Insight

Successfully grow your business and make informed decisions by combining design and systems thinking with financial insight.

Introduction

For most business owners, planning how to grow their business can be a daunting experience. Not only do they have to maintain and keep up with the ongoing business demands and requirements, they also need to find solutions on how to fund their growth, balance resource requirements, and prioritize a myriad of additional tasks and responsibilities.
Context Matters

However, in planning your growth, context matters. Although each business is different, the challenge and opportunity of business growth can generally be categorized into 3 main groups:

  • Strugglers: You need more sales. Need more from your business to make it worthwhile. Your business isn’t “working well”.
  • Navigators: You want to grow your business because you sense an opportunity. Business is growing but you are unsure how to take it to the next level.
  • Builders: Need for business expansion driven by organic sales growth. You have a successful, profitable business and have an opportunity to take it to the next level.

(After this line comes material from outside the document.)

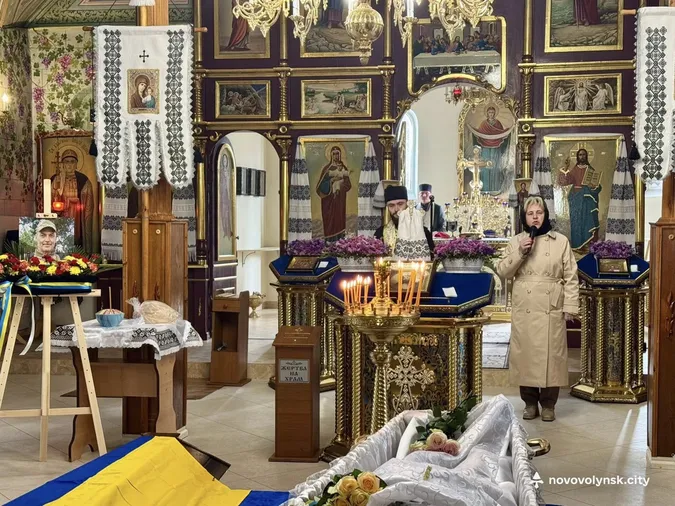 У громаді на Волині назавжди попрощалися з Героєм Борисом Сазоніком (фото)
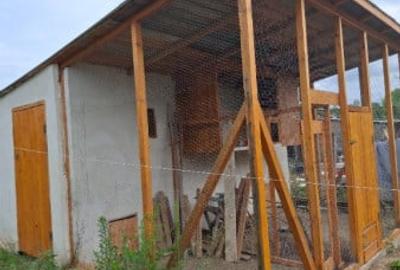 Casă cu 2 camere cu Teren 1644 Mp în Burlești - 2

Each of these will have its own unique growth planning approach and challenges.

Strugglers

Having a business that is struggling to grow, or that isn’t working too well can be very stressful and frustrating. Business owners who find themselves in this situation wrongly believe that their main challenge is lack of sales or marketing skills, or that their challenge can be solved by improving how they manage their business. However, finding yourself in such a business situation generally goes back to foundational business design, problem-solution fit, and financial feasibility issues. In this situation, getting your business to grow and “work” will require you to go back to the basics - before even thinking about a growth strategy and plan.

Navigators

Sensing an opportunity for your business to grow and expand can be exciting. However, it can also be a daunting prospect with many questions, uncertainties, challenges, and risks. Many business owners approach these challenges and opportunities from a conventional growth plan perspective. However, our advice is to start from a business and growth design perspective supported by a financial decision-making model - before writing your growth plan. Not only will this approach increase your chances of getting funded, it will also guide you in the execution and monitoring of actual growth implementation.

Builders

Business builders need support in helping them access funding and advice in guiding them how to build a learning, growing and sustainable organization. They need a business plan to support funding, but have established systems and processes in place for the continued management of business growth. Our advice and approach guide these business owners in combining design and systems thinking in developing a learning and agile, future-ready business supported by a financial decision-making model and business intelligence monitoring tool.